Relevant law and guidance

Children’s statutory complaints procedure

  1. Section 26(3) of the Children Act (1989) says all functions of the Council under Part 3 of the Act may form the subject of a complaint under the statutory complaints procedure.
  2. Complaint investigations under the statutory procedure consist of three stages:
    • Stage 1: Staff within the service area complained about try to resolve the complaint. Councils have up to 20 working days to respond.
    • Stage 2: An Investigating Officer (IO) and an Independent Person (IP) investigate the complaint. The IO writes a report which includes details of findings, conclusions and outcomes against each point of complaint (i.e. “upheld” or “not upheld”) and any recommendations to remedy injustice to the complainant. The IP monitors the investigation to ensure its impartiality and thoroughness.

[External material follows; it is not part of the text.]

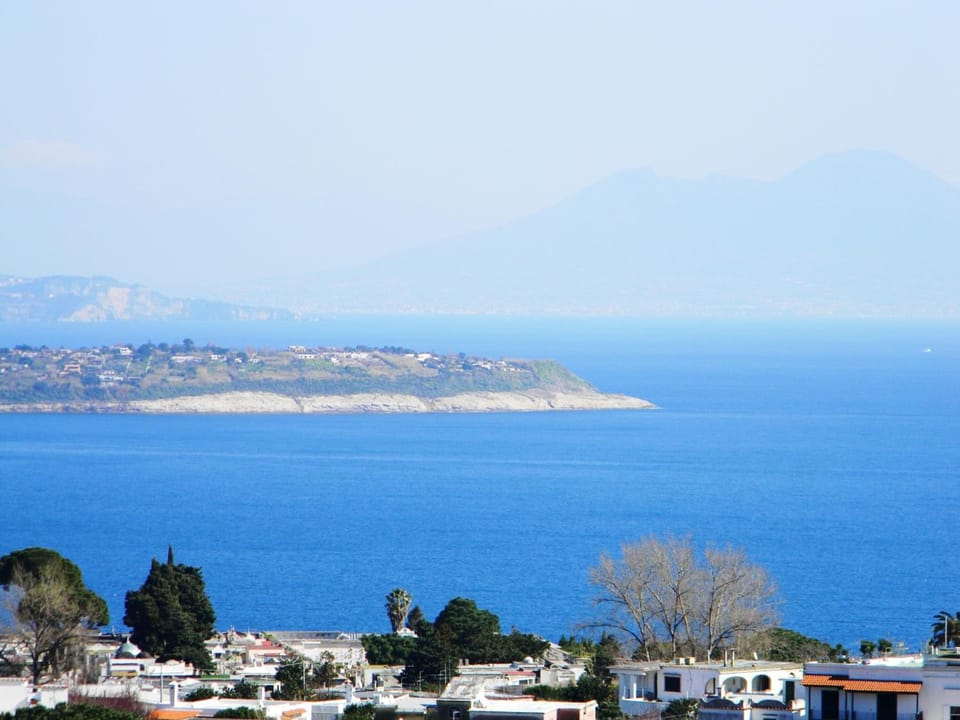 Private beach nearby, beach umbrellas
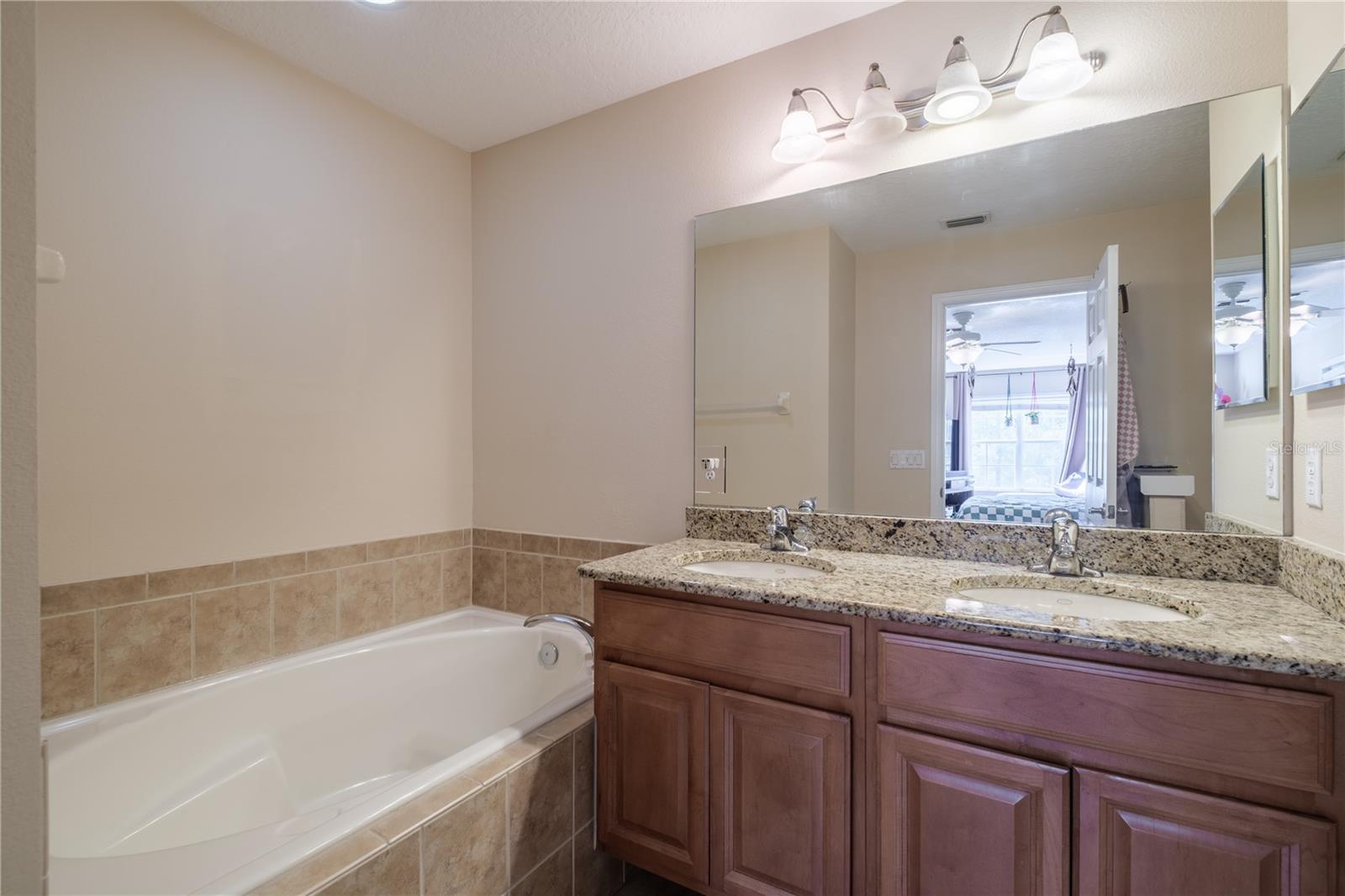 873 Assembly Ct Property Photo 27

Once the IO has finished the report, a senior manager should act as adjudicating officer. They will consider the complaints, the IO’s findings, conclusions, and recommendations, as well as any report from the IP, and the complainant’s desired outcomes. The adjudicating officer should write to the complainant with their decision on each complaint. Councils have up to 13 weeks to complete stage two of the process from the date of request.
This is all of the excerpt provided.